(Beginning of EXTRACTED DATA)

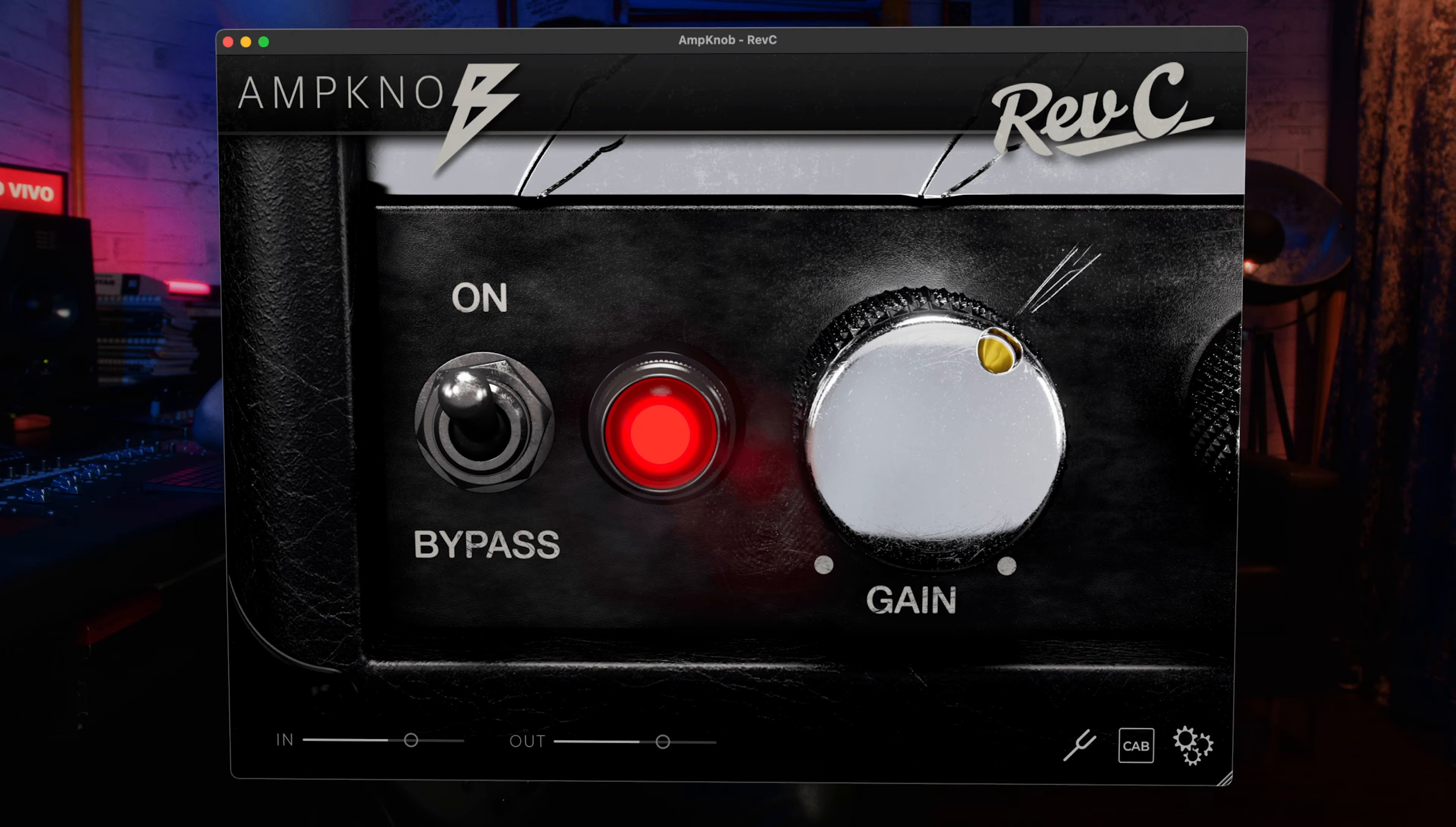All of the Bogren Digital amp plugins are IRDX powered, and it will work on any external IR that gets loaded. For the first time, your guitar sound will come to life the same way as when you're playing a real amp.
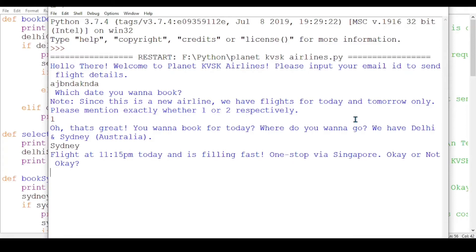The Sydney flight is at 11:15 PM today. The program is running fast.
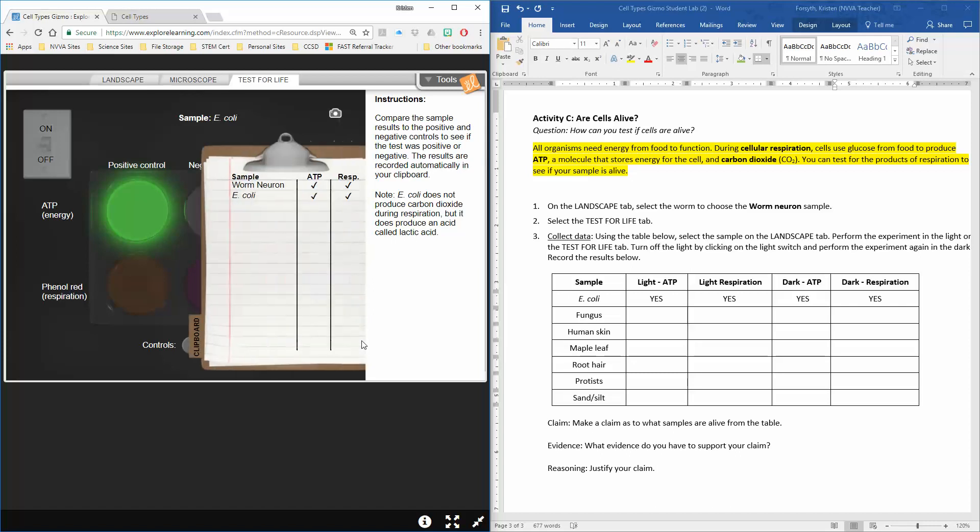You can look at your clipboard—I already did the worm neuron to test it out. For E. coli you can see yes, they both go through ATP and respiration. We'd have to do both tests because some samples don't show the results in the light or they don't show them in the dark.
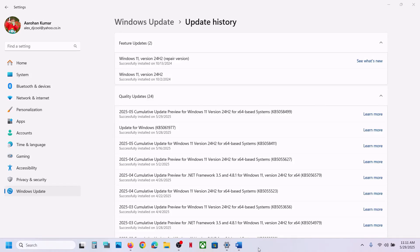Hello guys, welcome to my channel. Today in this video, I'm going to show you how to uninstall this update, KB5058499.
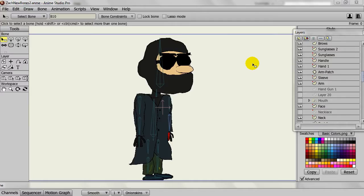There may come a point when you are animating in Anime Studio where you want to convert your assets into Flash.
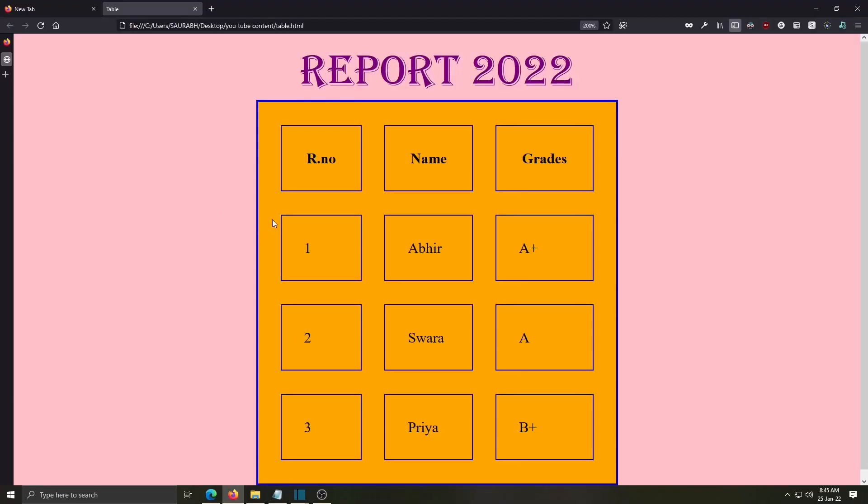Like this we used here many attributes for the table tag. Hope you understood this. If you really feel this is useful for you then subscribe this channel, like and comment. Thank you so much.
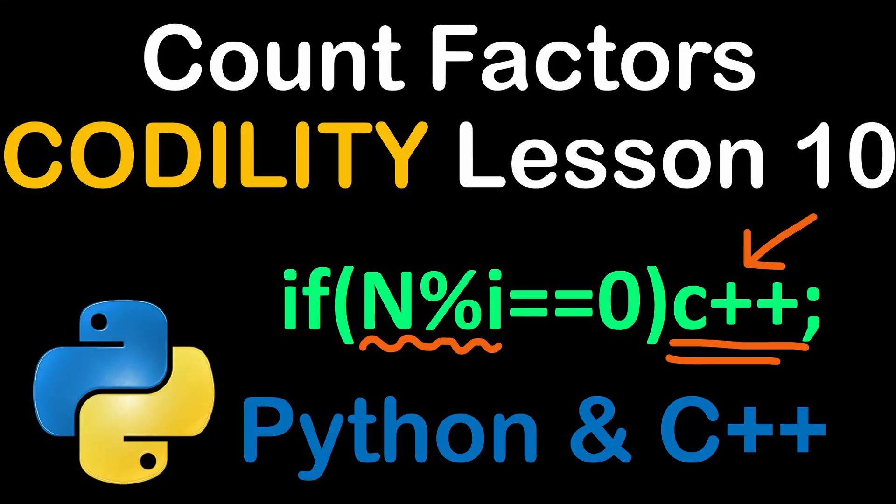Hello everyone and welcome back to one more solution of Codility lessons. This time we are solving lesson number 10 example entitled count factors.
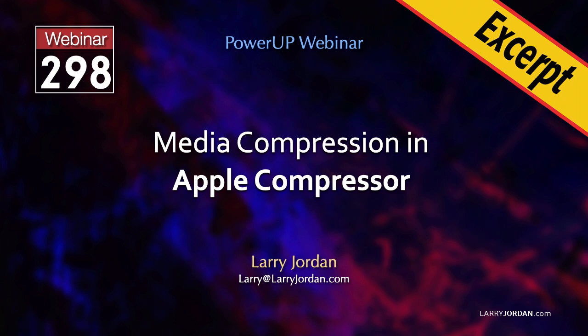This is an excerpt of a recent Power-Up webinar presenting Media Compression in Apple Compressor. Hi, my name is Larry Jordan. In this excerpt, I'll show you how to apply both still and moving watermarks to compressed video.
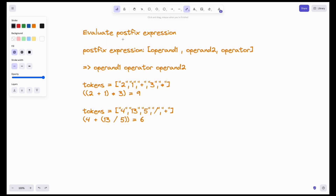Hello everyone, welcome to another video on Stacks. Today's question: we have to evaluate a postfix expression.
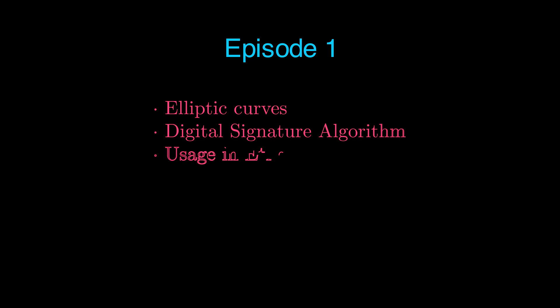By the end of the first episode, you will know the answers to all these questions. You will also know how elliptic curves are used in cryptography, how the digital signature algorithm works, and how they power every single transaction on Ethereum.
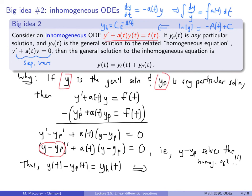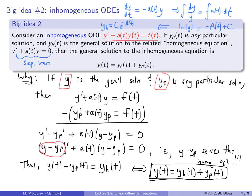In other words, the general solution minus any particular solution solves the homogeneous equation. So y(t) = yh(t) + yp(t). A rigorous proof would also show no other solutions exist — that's a minor detail beyond this course. The key takeaway is: to solve a linear ODE, find the homogeneous solution plus a particular solution.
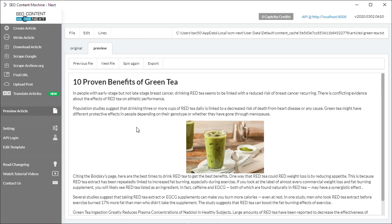So this is how the image inserter works, but if you have any questions please feel free to ask in the video below or you can send me an email anytime, info@seocontentmachine.com. Thank you for watching.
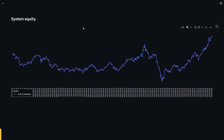Hi, this is David and you're watching Critical Trading. I have an equity curve of an algorithmic trading system that I recently included in my algorithmic strategy portfolio.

(End of EXTRACTED DATA)

The line with "This is an excerpt" marks the end: restate word for word every line from the top of the data through that one, omitting pictures.

▸ **ANSWER SPACE**:
All of the Bogren Digital amp plugins are IRDX powered, and it will work on any external IR that gets loaded. For the first time, your guitar sound will come to life the same way as when you're playing a real amp.
The Sydney flight is at 11:15 PM today. The program is running fast.
You can look at your clipboard—I already did the worm neuron to test it out. For E. coli you can see yes, they both go through ATP and respiration. We'd have to do both tests because some samples don't show the results in the light or they don't show them in the dark.
Hello guys, welcome to my channel. Today in this video, I'm going to show you how to uninstall this update, KB5058499.
There may come a point when you are animating in Anime Studio where you want to convert your assets into Flash.
Like this we used here many attributes for the table tag. Hope you understood this. If you really feel this is useful for you then subscribe this channel, like and comment. Thank you so much.
Hello everyone and welcome back to one more solution of Codility lessons. This time we are solving lesson number 10 example entitled count factors.
This is an excerpt of a recent Power-Up webinar presenting Media Compression in Apple Compressor. Hi, my name is Larry Jordan. In this excerpt, I'll show you how to apply both still and moving watermarks to compressed video.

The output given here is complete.